15th Aug 2014 07:00
Amsterdam / London, 15 August 2014
Non-Payment of Coupon on Senior Unsecured Notes
New World Resources Plc and New World Resources N.V. (the 'Company') announce that the Company did not receive consent from the requisite majority of locked-up noteholders to make the 15 July coupon payment on the senior unsecured notes at the end of the grace period that expires today. As such, and in order not to jeopardise the strongly supported restructuring transactions, the Company will not make this payment.
Introduction
As previously announced, as part of its ongoing balance sheet restructuring, the Company entered into a lock-up agreement on 2 July 2014 (as amended) (the 'Lock-up Agreement') with approximately 85% by value of the holders of the senior secured notes and approximately 66% by value of the holders of the senior unsecured notes by value. The Lock-up Agreement envisages a consensual restructuring transaction and (in case this transaction cannot be implemented) an alternative restructuring transaction.
Following an order of the High Court of Justice of England and Wales of 29 July 2014 the Company has convened creditor meetings for each of the two classes of noteholders to consider and, if thought fit, approve the consensual restructuring transaction or, failing that, the secured noteholders to consider and, if thought fit, approve the alternative restructuring transaction.
Grace Period
Pursuant to the Lock-up Agreement, payment of the 15 July coupon payment on the senior unsecured notes is subject to the consent of the majority of locked-up holders.

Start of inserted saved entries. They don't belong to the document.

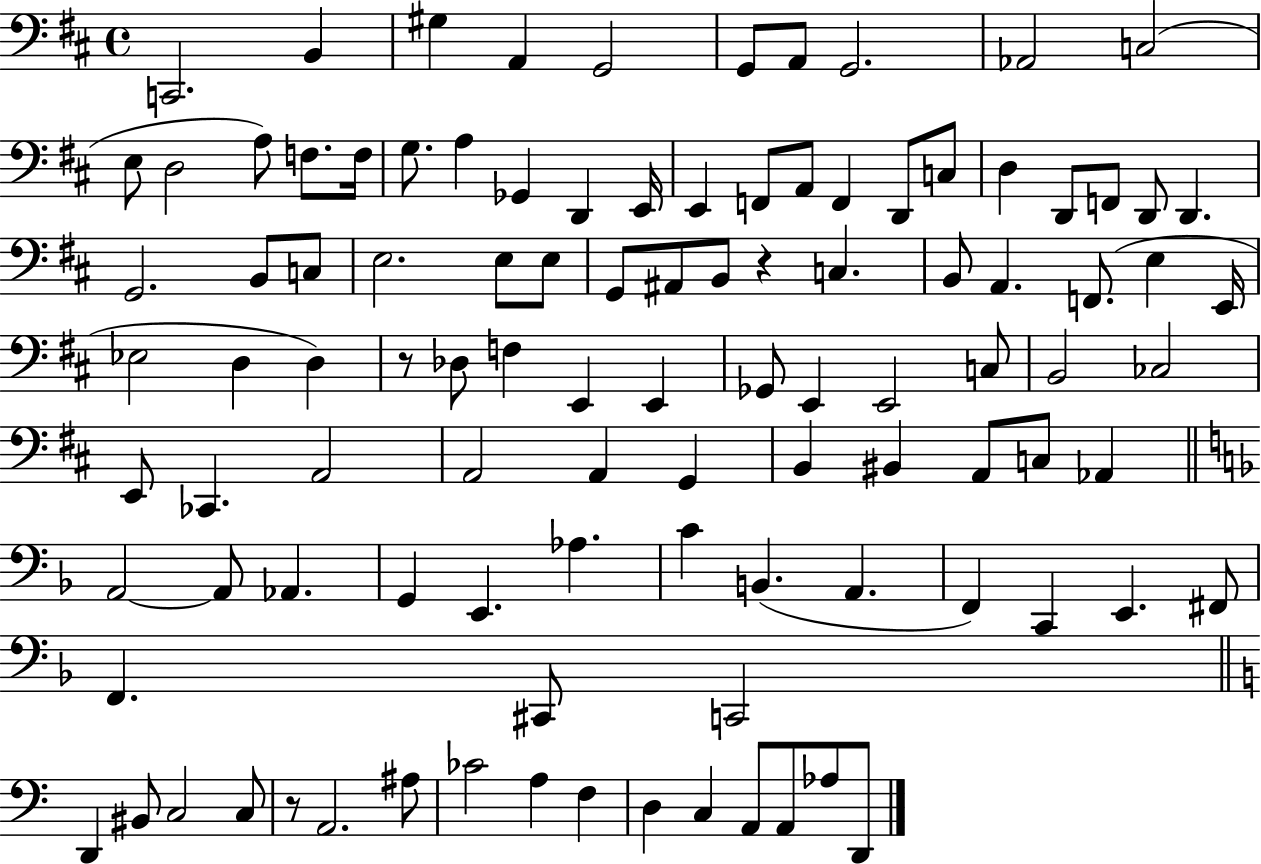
X:1
T:Untitled
M:4/4
L:1/4
K:D
C,,2 B,, ^G, A,, G,,2 G,,/2 A,,/2 G,,2 _A,,2 C,2 E,/2 D,2 A,/2 F,/2 F,/4 G,/2 A, _G,, D,, E,,/4 E,, F,,/2 A,,/2 F,, D,,/2 C,/2 D, D,,/2 F,,/2 D,,/2 D,, G,,2 B,,/2 C,/2 E,2 E,/2 E,/2 G,,/2 ^A,,/2 B,,/2 z C, B,,/2 A,, F,,/2 E, E,,/4 _E,2 D, D, z/2 _D,/2 F, E,, E,, _G,,/2 E,, E,,2 C,/2 B,,2 _C,2 E,,/2 _C,, A,,2 A,,2 A,, G,, B,, ^B,, A,,/2 C,/2 _A,, A,,2 A,,/2 _A,, G,, E,, _A, C B,, A,, F,, C,, E,, ^F,,/2 F,, ^C,,/2 C,,2 D,, ^B,,/2 C,2 C,/2 z/2 A,,2 ^A,/2 _C2 A, F, D, C, A,,/2 A,,/2 _A,/2 D,,/2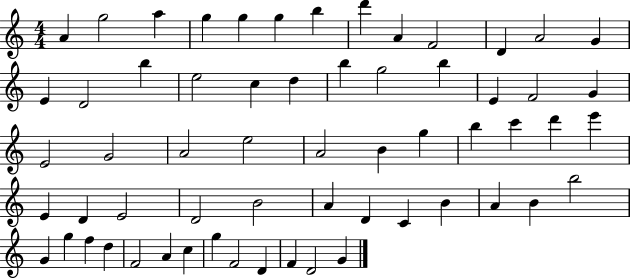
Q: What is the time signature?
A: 4/4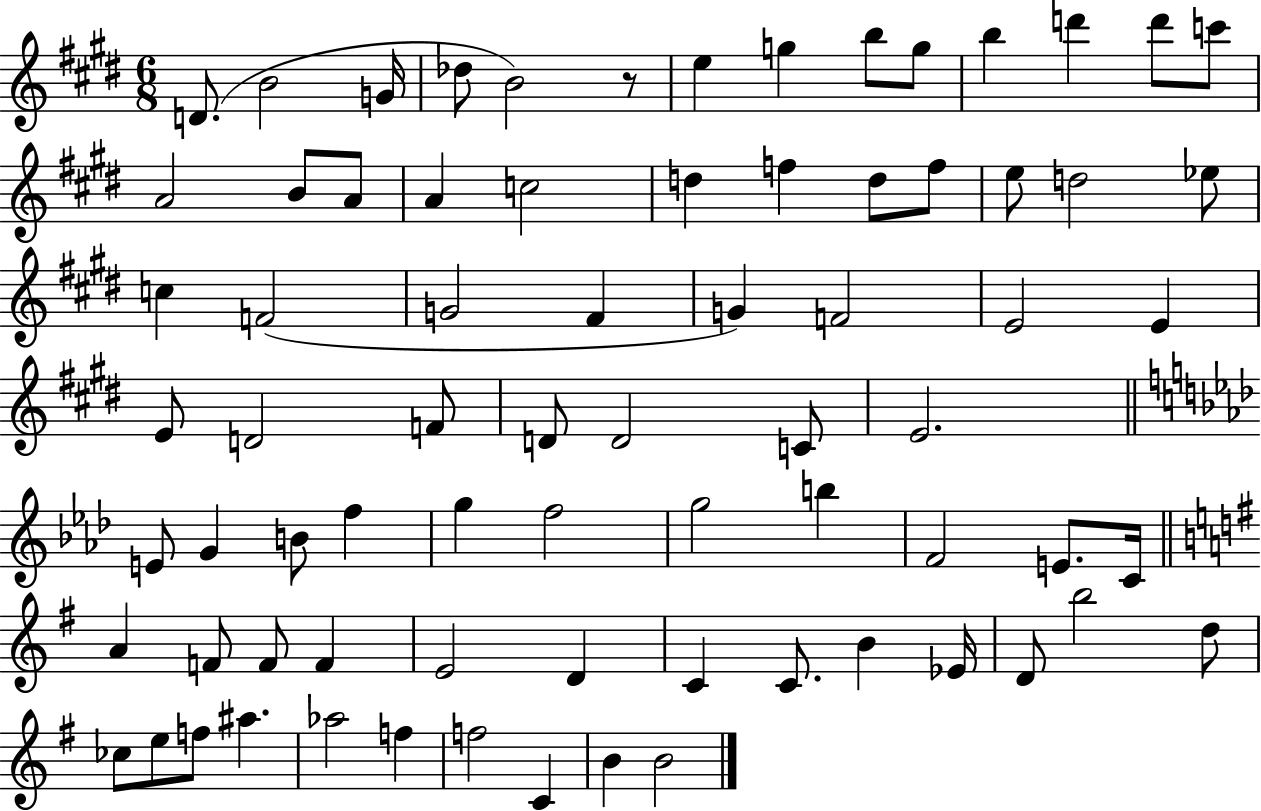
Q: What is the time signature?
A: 6/8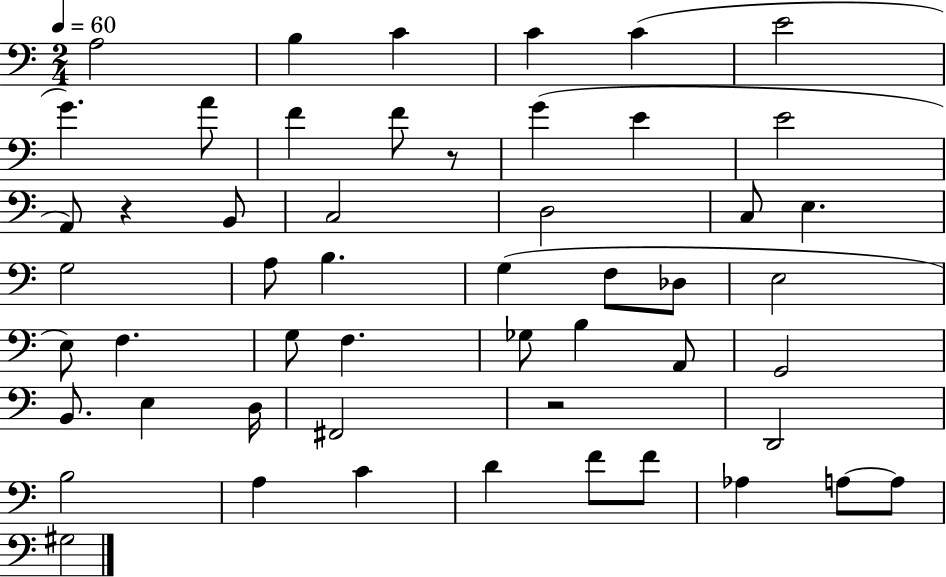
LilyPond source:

{
  \clef bass
  \numericTimeSignature
  \time 2/4
  \key c \major
  \tempo 4 = 60
  a2 | b4 c'4 | c'4 c'4( | e'2 | \break g'4.) a'8 | f'4 f'8 r8 | g'4( e'4 | e'2 | \break a,8) r4 b,8 | c2 | d2 | c8 e4. | \break g2 | a8 b4. | g4( f8 des8 | e2 | \break e8) f4. | g8 f4. | ges8 b4 a,8 | g,2 | \break b,8. e4 d16 | fis,2 | r2 | d,2 | \break b2 | a4 c'4 | d'4 f'8 f'8 | aes4 a8~~ a8 | \break gis2 | \bar "|."
}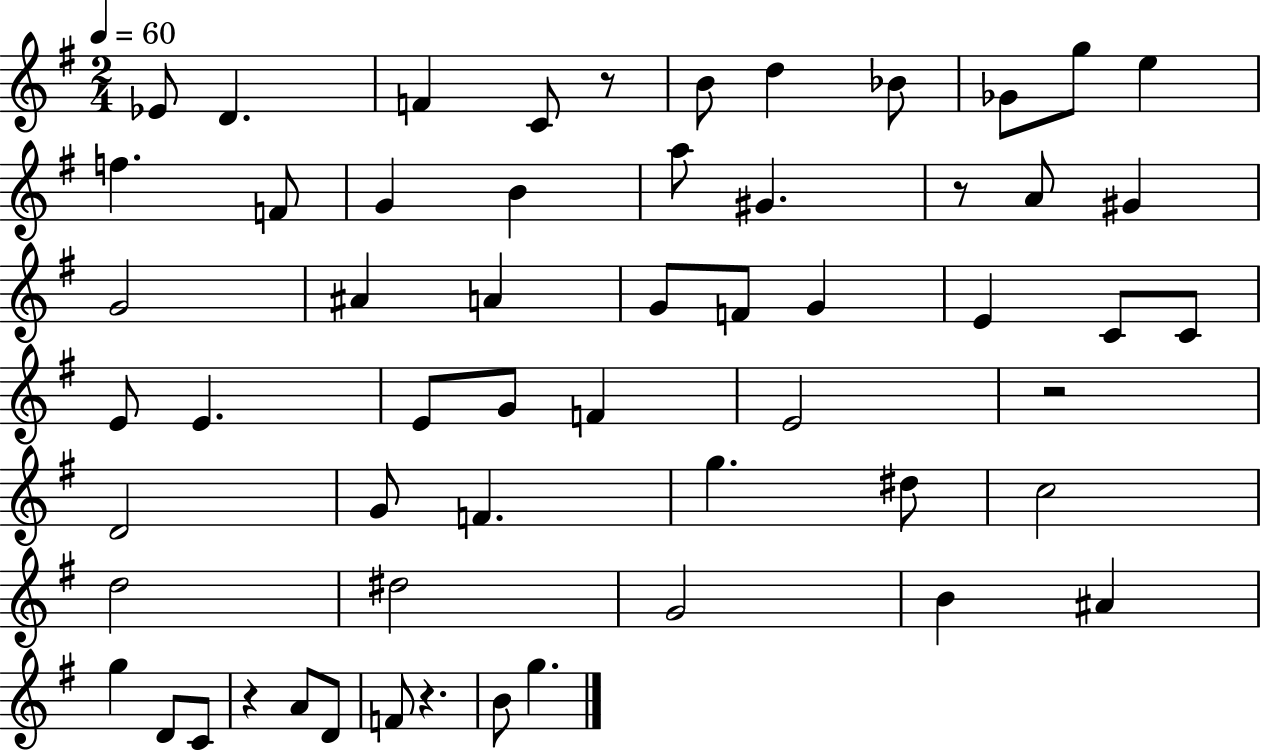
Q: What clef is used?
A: treble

Should the Company make this coupon payment in the absence of such consent, noteholders can terminate the Lock-up Agreement - this would put both transactions at risk.
As the requisite consent had not been received as at 15 July 2014, the coupon payment was not made when due. At the time the Company's board of directors resolved to keep under review the prospects of success of these transactions during the 30-day grace period under the indenture before deciding on the payment of the coupon on the senior unsecured notes.
No Consent Received
The grace period under the senior unsecured notes indenture expires today.
To date, the Company has not received the requisite consent to make the coupon payment on the senior unsecured notes.
As such, and having regard to the fact that payment of the coupon would be in breach of the Lock-Up Agreement and would jeopardise the strongly supported transactions during the final stages of the restructuring process, the Company's board of directors believes that it is prudent, and in the best interests of the Company's creditors as a whole, for the Company to comply with the terms of the lock-up agreement to ensure a successful implementation of the restructuring and not to make the coupon payment on the senior unsecured notes notwithstanding the expiry of the grace period,.
All locked-up unsecured noteholders remain bound by the terms of the Lock-up Agreement. These include an obligation to vote in favour of the consensual restructuring transaction, a restriction from taking any acceleration or enforcement action, and an undertaking to rescind any such action by any other group of senior unsecured noteholders. The percentage of locked-up unsecured noteholders provides the Company with the majority required for such a rescission.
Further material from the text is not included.